Are you looking for an easy (and educational) way to brighten up a classroom, hallway, office, or cafeteria? Check out our What’s On Your Fork poster, bulletin board banner, and wall decals. They feature beautiful, professional photographs of real, healthy food on a black background – these really stand out!
There are so many fun things you can do with the What’s on Your Fork theme. Here are just a few ideas:
What’s on Your Fork display: Start with our banner or poster, or make your own visual materials with pictures of fruits, vegetables, healthy protein sources, and whole grains. Leave space for people to add pictures of what’s on their own forks.
Kids can cut out pictures of healthy food from magazines or supermarket flyers, tape them to plastic forks, and create their own display.

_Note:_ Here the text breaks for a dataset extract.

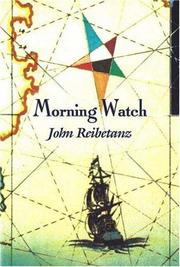 Cover of: Morning watch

What’s on Your Fork selfies: Encourage people to snap a picture when they’re eating healthy food (if it’s on a fork, that’s fun; if not, that’s fine too!). They can share it on social media (#WhatsOnYourFork), share it with a friend, or keep it private.
What’s on Your Fork with food groups: Let clients decide which food group they want to focus on and have them take pictures of what’s on their fork for one day, three days, or a week. Someone who needs to eat more vegetables would take a picture whenever there’s a veggie on their fork (or spoon, or plate, or bowl!). Do the same for fruits, whole grains, and lean protein.
What’s on Your Fork sugar control: People might say they’re going to limit themselves to 1-2 treats a week, but “forget” when they walk by a candy dish or are offered a piece of birthday cake. Have them snap a picture when they eat a sweet treat (on or off a fork!) and keep it on their phone. Then every time they’re tempted by something sugary, they check their phone to see the last time they had one.
Consumers are easily fooled by processed foods disguised as healthy food. It might a big red strawberry on the front of a box of toaster pastries. Or it might be the name of the food itself, as in banana nut oat bran muffins.
They won’t be fooled if they remember that real food grows. Is it something that grew into what it is today? Or has it been processed with ingredients added to create a new kind of food?
Our Real Food Grows materials get this point across beautifully. Here are some activities to go along with them:
Print out a list of some real foods and processed foods in random order. Have participants circle all the real foods. Then discuss why they are real and why the others are not. For a super-quick way to do this activity, use our Real Food Grows bookmarks, which have a list of items on the back.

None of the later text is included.